We'd gallop around their ranch-style house and modest backyard, color with crayons in the aqua kitchen, play with Grover- their big yellow lab with quintessential dog breath, pick the delicate coins off the dried money plants, swing in the shaded hammock, work on puzzles and play dominoes in their mustard carpeted living room, and venture into the dark basement where Grandad did his projects. Much of my early writing was done on old sheets from yellow lined legal pads in that house, and especially in the basement behind the many-year-out-of-use bar towards the back near the sliding door. I'd sit on the dusty (a pleasant mix of real dust and wood dust) floor and write stories about lots of things, but a lot about a young girl and her adventures to summer camp where she would discover magic in one form or another. [side note: Where are those stories now? I wish I knew where they went off to, there's probably a short story in there somewhere, or maybe it was just digested and regurgitated conglomerations of stories that I was also reading at the time. Hmm. Well, we'll never know.]
Today I am remembering these two great people. Even though they both passed away before I was truly able to really appreciate them as human beings (I think), I consider them and who they were now, and I feel humbled and blessed, and tearful. There are many wishes I have about them, wished I had played my grandfather in tennis (he probably would have won, though I think I could have given him a run for his money), wished I could talk to my grandmother about cosmological ideas.
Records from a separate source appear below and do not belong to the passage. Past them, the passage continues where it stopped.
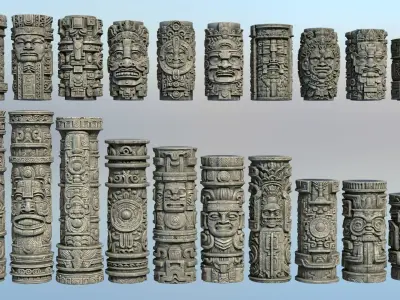 Low poly Mayan Columns - 240412 Low-poly 3D model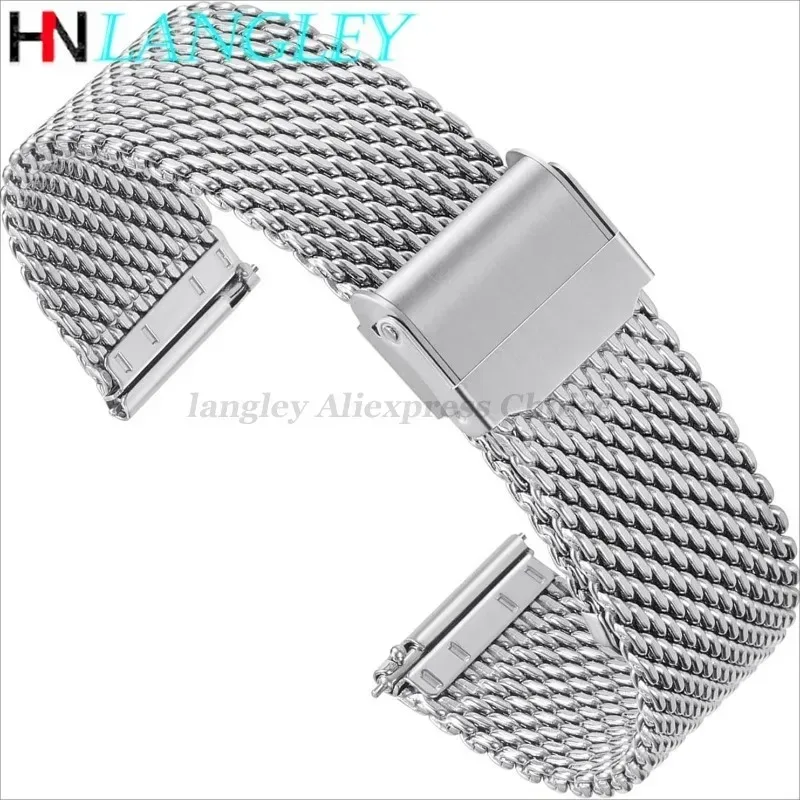 1,0 mm Milanese Mesh Armband Edelstahl Shark Mesh Uhrenarmband 18 mm 20 mm 22 mm 24 mm Schnellverschluss-Armbänder für Seiko-Gürtel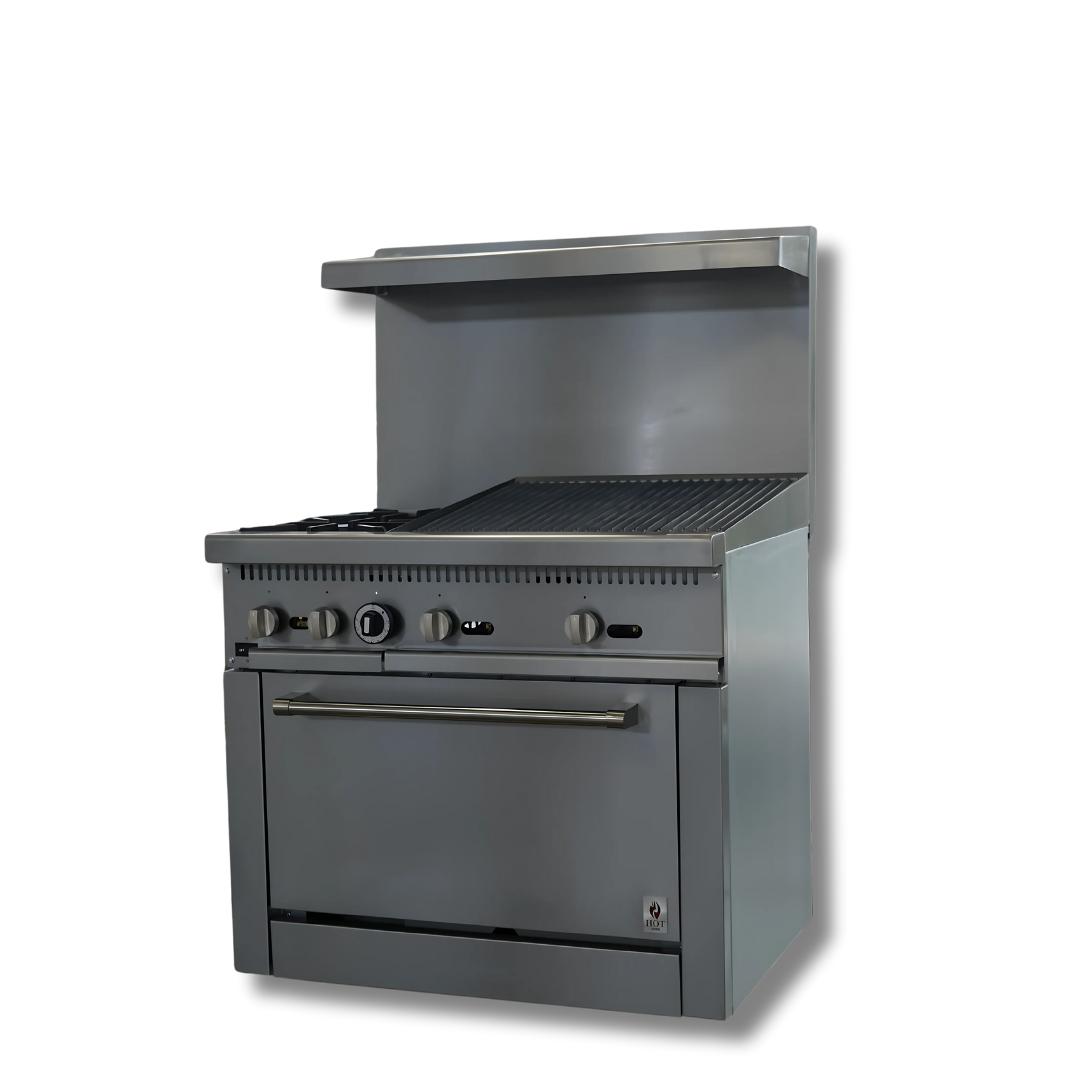 Gas Range with Built-In Convection Oven 36"w/24"Charbroiler top HZ-CR36-24CB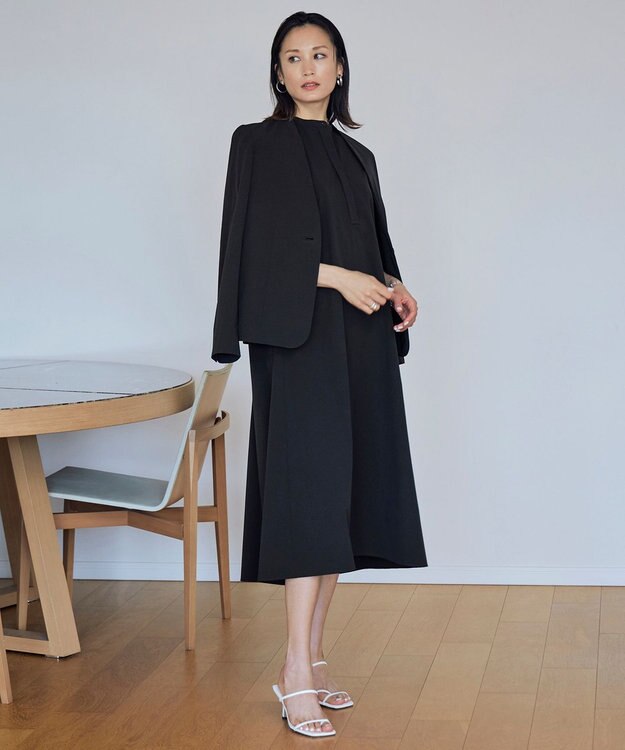 ICB 【接触冷感・UVカット・撥水・洗える】 プルーフ4WAYタフタ ノーカラージャケット ブラック系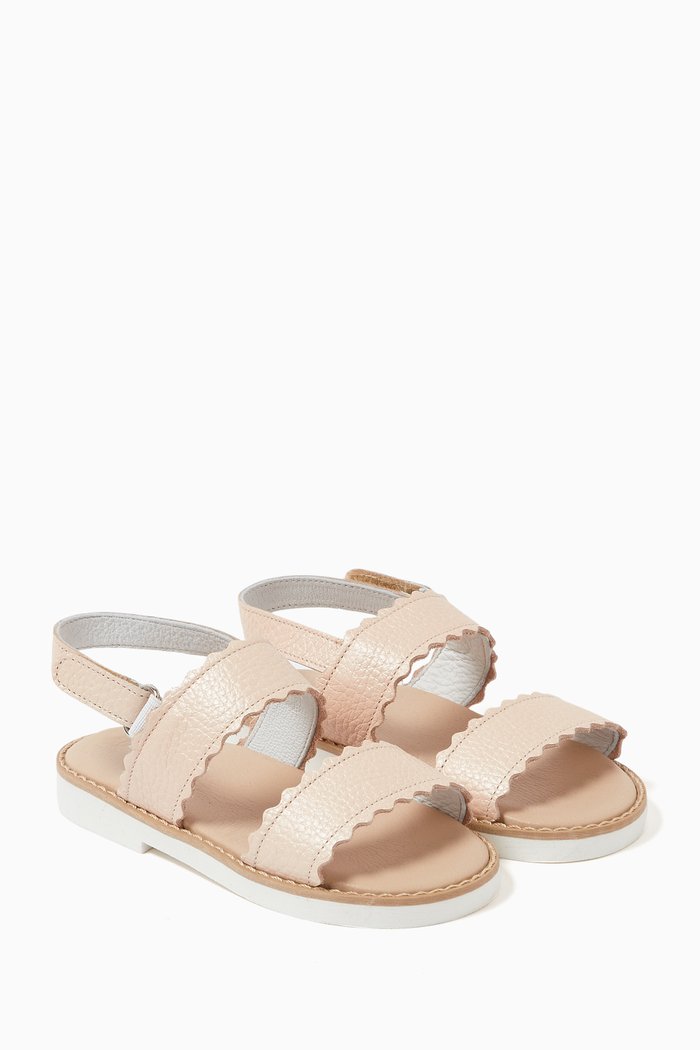 

Cut-out Strap Sandals in Grainy Leather, Pink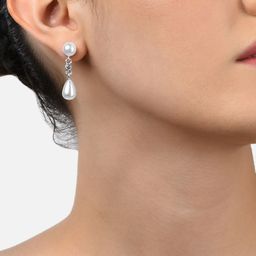 AMI Silver-Toned & White Contemporary Drop Earrings-image-91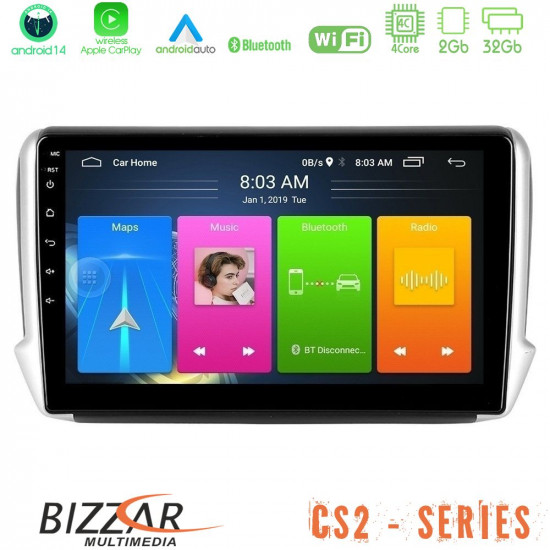 Bizzar CS2 Series 4Core Android14 2+32GB Peugeot 208/2008 Navigation Multimedia Tablet 10 Με Carplay - Android Auto Bizzar CS2 Series 4Core Android14 2+32GB Peugeot 208/2008 Navigation Multimedia Tablet 10 Με Carplay - Android Auto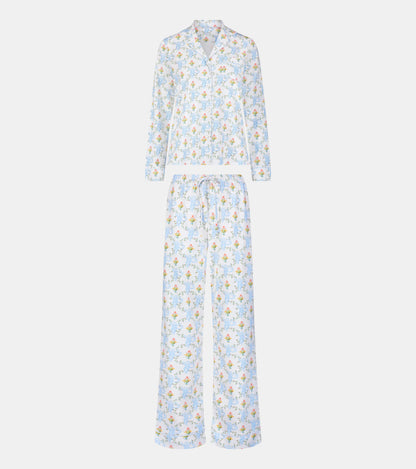 Roller Rabbit x Hill House Long Sleeve Polo Pajamas - Blue Floral Monkey Trellis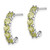 Sterling Silver Rhodium-Plated Peridot J-Hoop Earrings, 19 mm - View 2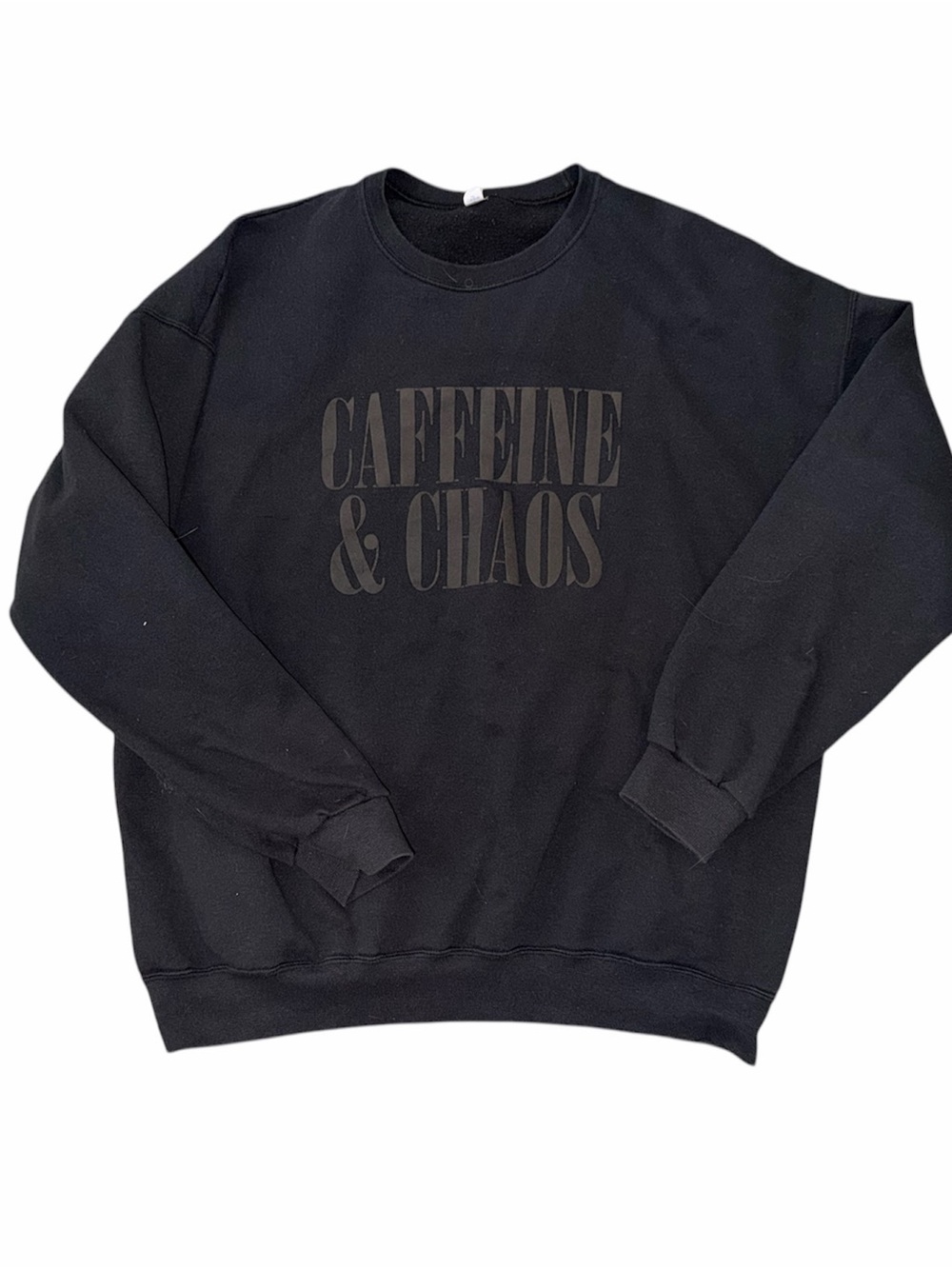 Caffeine & Chaos Black Crewneck Sweatshirt - women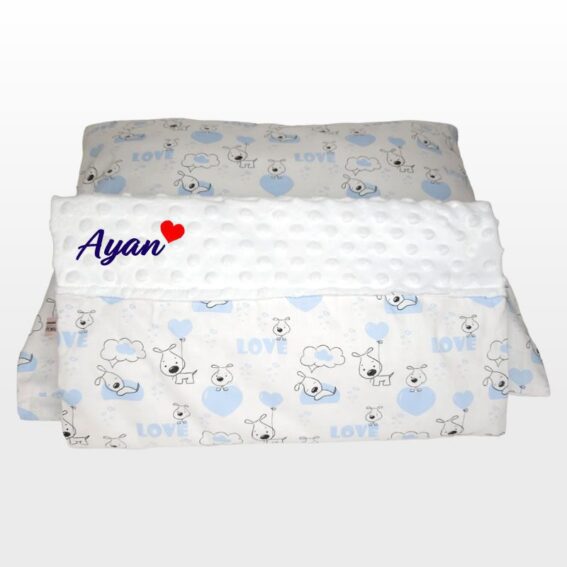 Paturica personalizata – Catelușul somnoros si Minky Alb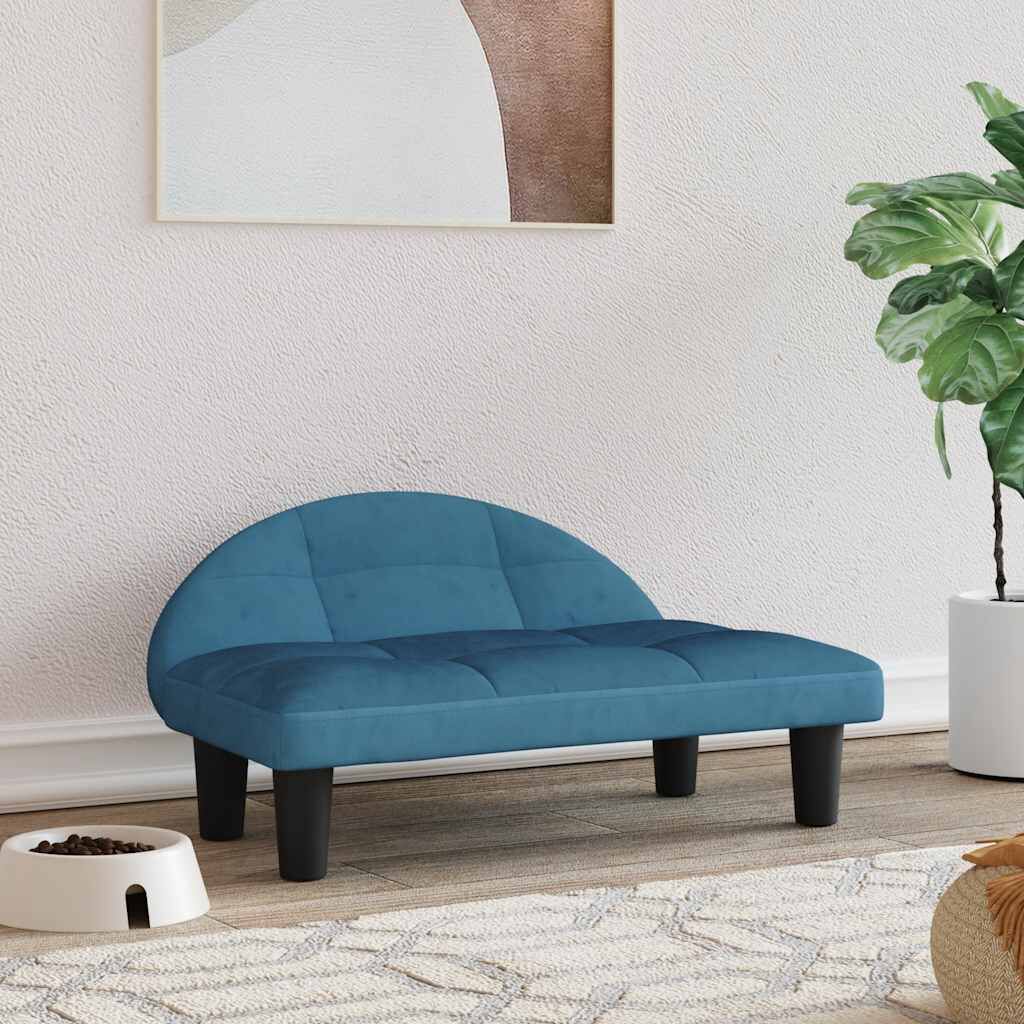 280054 - VIDA XL Shtrat Qeni Blu 70x52x30 cm Kadife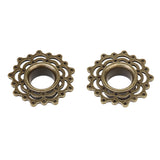 Maxbell Antique Brass Flower Ear Flesh Tunnel Ear Gauges Plugs Body Piercings 16mm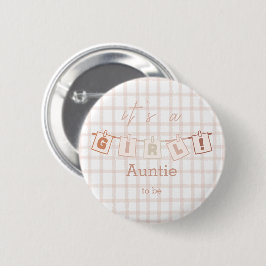 Es ist ein Niedlicher Girl Gingham Notedry Auntie  Button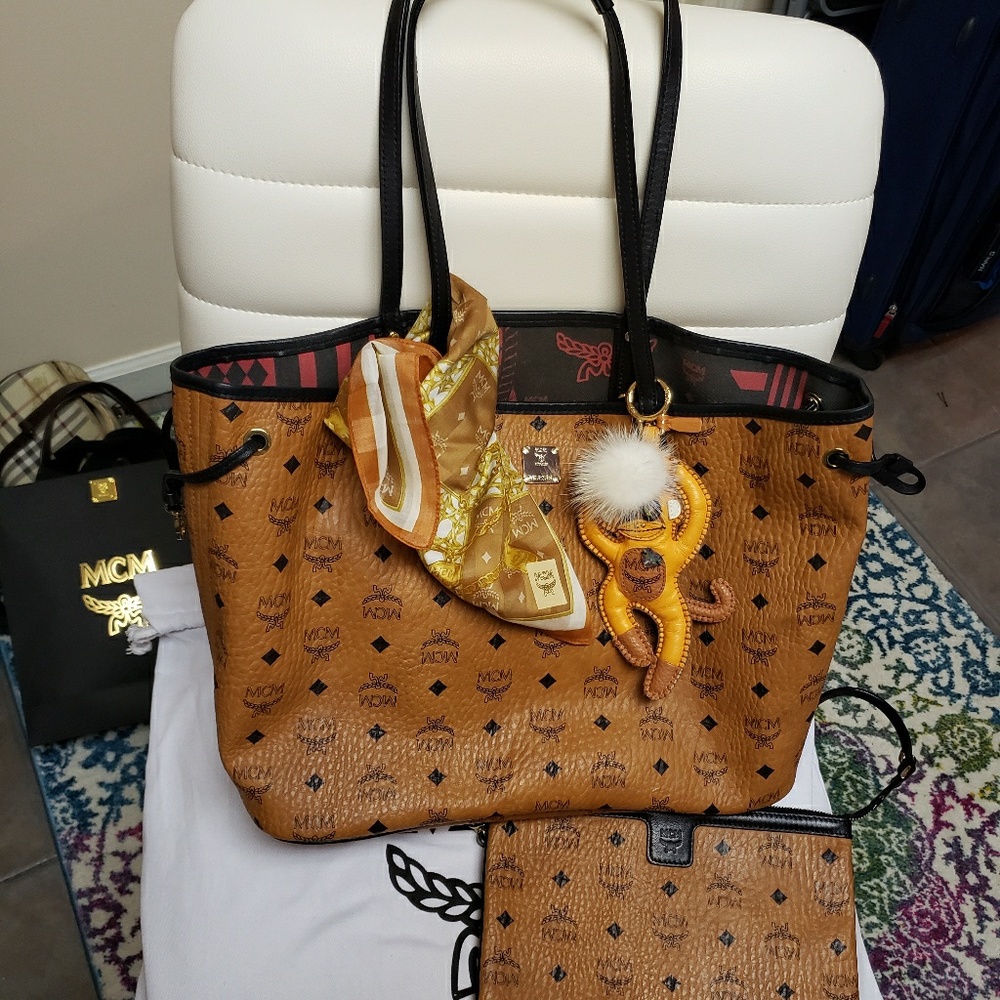 MCM Cognac Visetos Liz Tote Pouch Charm LOT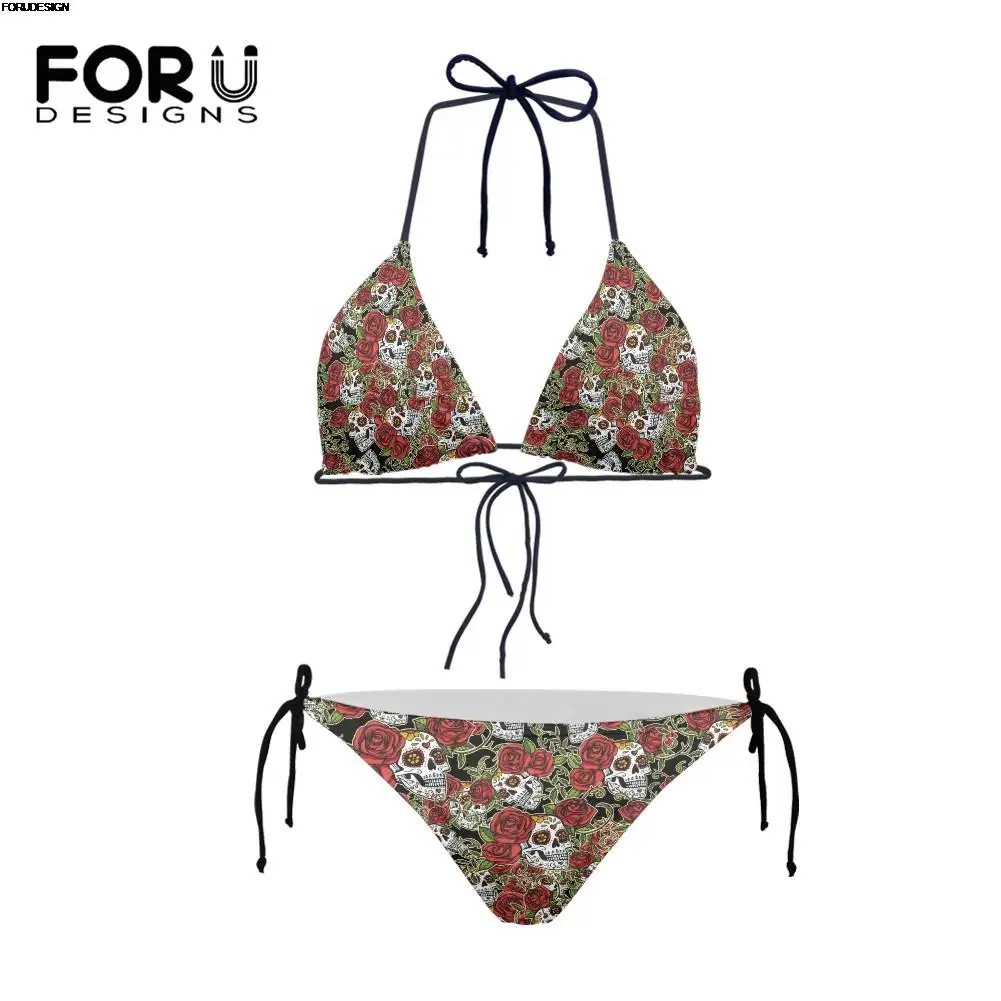 

FORUDESIGNS 2022 Gothic Floral Skull Design Women Thong Halter Bikini Set Two Pieces Swimsuit Push Up Swimwear For Females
So today is full of anniversaries, these are just two. Both remind me of what being a human means. Both challenge me to leave this world better than it was when I found it.
Young and beautiful Isabel, whom my mother is the spitting image of.
Isabel (on left) and Mickey, her older sister (Easter 1947, the year before they got married)
Lou and Bel and my two uncles Gary and baby Rick, before my Mom was born.
and, my Grandad, the ultimate jokster. I can hear Granna now: "Loouuu."
My sister Rie is the namesake of my Grandmother (Rie's middle name is Isabel) and they always had a special bond.
This is me three years ago, sporting one of my Grandad's spectacular pairs of pants. He was a colorful dude, in all the ways.
There's many more pictures, of course- these are just the ones I could find easily thanks to social media. There is one picture in particular of Isabel and Lou's first Christmas that I couldn't get my hands on early enough for this post, but it's probably my favorite picture of them. Perhaps I'll find it and add it in later.
Love you both.
Wonderful. That's the only and best word I have for it. Thank you.